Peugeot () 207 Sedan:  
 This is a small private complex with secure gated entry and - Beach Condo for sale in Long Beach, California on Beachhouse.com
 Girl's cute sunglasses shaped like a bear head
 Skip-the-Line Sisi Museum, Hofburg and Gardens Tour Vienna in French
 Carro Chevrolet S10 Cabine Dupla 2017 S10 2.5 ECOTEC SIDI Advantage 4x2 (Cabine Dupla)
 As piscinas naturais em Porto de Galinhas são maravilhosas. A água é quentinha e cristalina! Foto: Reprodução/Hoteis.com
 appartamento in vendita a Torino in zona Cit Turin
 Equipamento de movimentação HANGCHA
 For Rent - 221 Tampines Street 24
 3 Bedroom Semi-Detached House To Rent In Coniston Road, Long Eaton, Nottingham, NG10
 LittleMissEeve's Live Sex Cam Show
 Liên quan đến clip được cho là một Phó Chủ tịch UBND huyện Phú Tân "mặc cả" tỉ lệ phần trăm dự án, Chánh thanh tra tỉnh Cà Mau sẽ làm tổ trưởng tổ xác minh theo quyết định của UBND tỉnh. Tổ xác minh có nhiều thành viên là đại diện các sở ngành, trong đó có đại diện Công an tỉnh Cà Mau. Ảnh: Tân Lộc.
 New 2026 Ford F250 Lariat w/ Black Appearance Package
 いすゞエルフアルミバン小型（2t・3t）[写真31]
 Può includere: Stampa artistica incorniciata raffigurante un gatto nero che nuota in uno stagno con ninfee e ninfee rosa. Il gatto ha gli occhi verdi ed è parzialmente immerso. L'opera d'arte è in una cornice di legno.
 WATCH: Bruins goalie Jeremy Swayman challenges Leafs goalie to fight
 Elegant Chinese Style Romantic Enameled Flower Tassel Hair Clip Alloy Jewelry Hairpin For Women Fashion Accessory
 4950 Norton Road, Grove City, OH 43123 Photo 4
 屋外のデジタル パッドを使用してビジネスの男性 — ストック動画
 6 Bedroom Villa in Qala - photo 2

=-=-=

TASK BRIEF: The answer must consist of each line in the entries above that includes "Road".

EXERCISE OUTPUT:
 3 Bedroom Semi-Detached House To Rent In Coniston Road, Long Eaton, Nottingham, NG10
 4950 Norton Road, Grove City, OH 43123 Photo 4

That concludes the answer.